4 Zie ook HR 20 november 1996, NJ 1997, 288, na conclusie A-G Loeb en m. nt. P.C.E. van Wijmen (Sonder/Almelo), rov. 3.15.
Uitspraak
Nr. 1287
14 juli 2000
in de zaak van de besloten vennootschap met beperkte
aansprakelijkheid Merva B.V. statutair gevestigd te Amsterdam, te ’s-Gravenhage handelende onder de naam
Slagerij Merva,
eiseres tot cassatie,
advocaat: mr. A.H.M. van den Steenhoven,
tegen
De Gemeente ‘s-Gravenhage, zetelende te ‘s-Gravenhage,
verweerster in cassatie,
advocaat: mr. K.T.B. Salomons.
1. Geding in feitelijke instantie
1.1. Bij beschikking van 6 januari 1999 heeft de Arrondissementsrechtbank te ‘s-Gravenhage (hierna: de Rechtbank) op verzoek van de Gemeente ’s-Gravenhage (hierna: de Gemeente) op de voet van artikel 54a van de Onteigeningswet drie deskundigen en een rechter-commissaris benoemd.
1.2. De Gemeente heeft bij exploit van 23 februari 1999 de gemeente ’s-Gravenhage AI doen dagvaarden voor de Rechtbank en in het belang van de ruimtelijke ontwikkeling en van de volkshuisvesting onder meer gevorderd de vervroegd uit te spreken onteigening ten behoeve van de Gemeente van de onroerende zaak Draaistraat 13-15-17 te ’s-Gravenhage, kadastraal bekend gemeente ’s-Gravenhage, sectie AI, nr. 1128, groot 00.01.92 ha (grondplannummer 6), waarvan de gemeente ’s-Gravenhage AI is aangewezen als eigenaar, en bepaling van het bedrag van de schadeloosstelling.
1.3. Bij vonnis van 20 april 1999, ingeschreven in de openbare registers op 26 mei 1999, heeft de Rechtbank de gevorderde onteigening bij vervroeging uitgesproken, het bedrag van de aan de gemeente s-Gravenhage AI toekomende schadeloosstelling bepaald op f 1,--, en met het oog op de schadeloosstelling voor de derde-belanghebbende Merva B.V. een dag voor de nederlegging van het deskundigenrapport bepaald.

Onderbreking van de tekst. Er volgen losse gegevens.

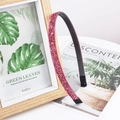 Detail shot of pink glitter headband with non-slip inner teeth on a rustic wooden background - Rose Pink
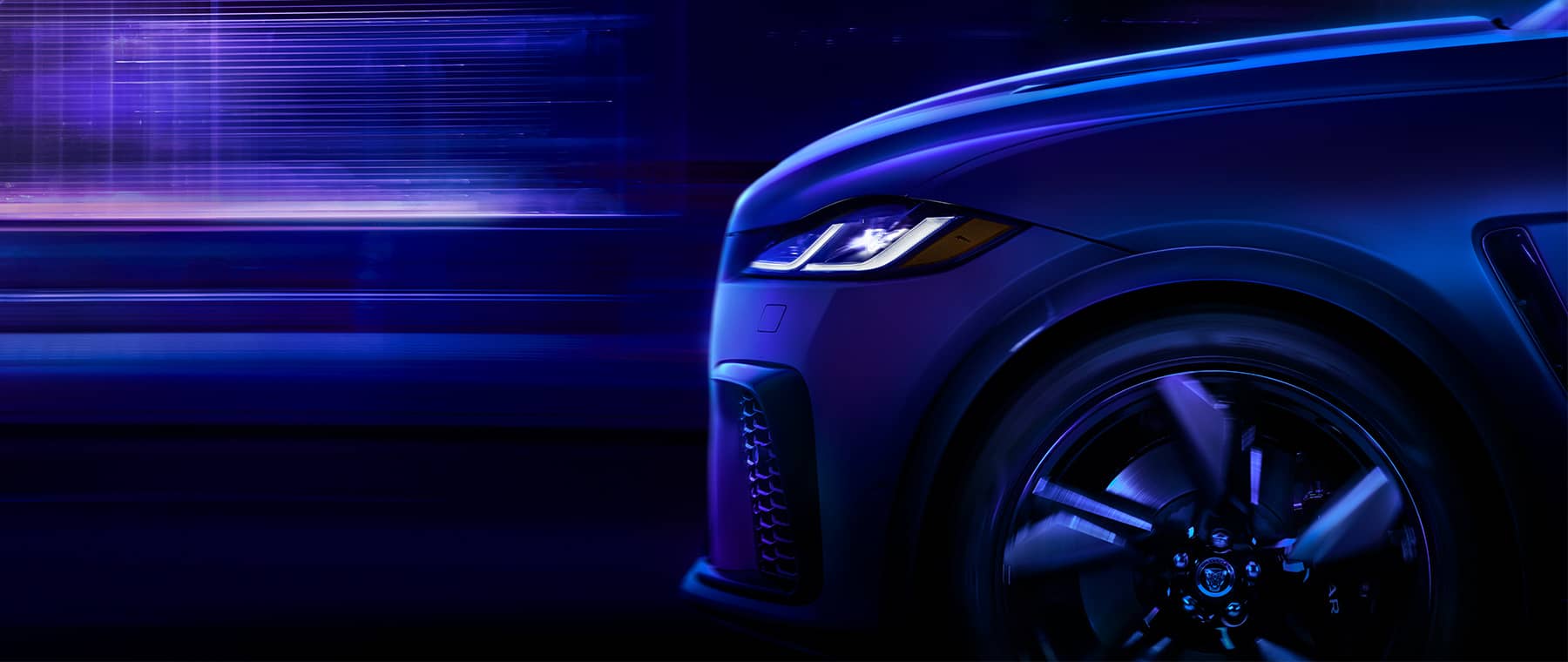 2024 Jaguar vehicle front side view dark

1.4. Bij het thans in cassatie bestreden vonnis van 13 oktober 1999 heeft de Rechtbank, nadat eiseres tot cassatie (hierna: Merva B.V.) als derde-belanghebbende in het geding was toegelaten het bedrag van de schadeloosstelling voor Merva B.V. bepaald op nihil. Het vonnis is aan dit arrest gehecht.
2. Geding in cassatie
2.1. Merva B.V. heeft het vonnis van 13 oktober 1999 bestreden met een middel van cassatie. De cassatiedagvaarding is aan dit arrest gehecht en maakt daarvan deel uit.
2.2. De Gemeente heeft geconcludeerd tot verwerping van het beroep.
2.3. Partijen hebben hun standpunten schriftelijk doen toelichten door hun advocaten. Merva B.V. heeft gerepliceerd.
2.4. De Advocaat-Generaal Ilsink heeft op 29 maart 2000 geconcludeerd tot verwerping van het beroep.
3. Beoordeling van het middel
Het middel kan niet tot cassatie leiden. Zulks behoeft, gezien artikel 101a van de Wet op de rechterlijke organisatie, geen nadere motivering nu het middel niet noopt tot beantwoording van rechtsvragen in het belang van de rechtseenheid of de rechtsontwikkeling.
4. Beslissing
De Hoge Raad:
- verwerpt het beroep en,
- veroordeelt Merva B.V. in de kosten van het geding in cassatie, aan de zijde van de gemeente tot aan dit arrest begroot op f 3.000,-- voor salaris en f 632,20 aan verschotten.
Dit arrest is gewezen door de vice-president E. Korthals Altes als voorzitter, en de raadsheren J.L.M. Urlings, A.G. Pos, D.H. Beukenhorst en C.B. Bavinck, in tegenwoordigheid van de waarnemend griffier, en uitgesproken ter openbare terechtzitting van 14 juli 2000.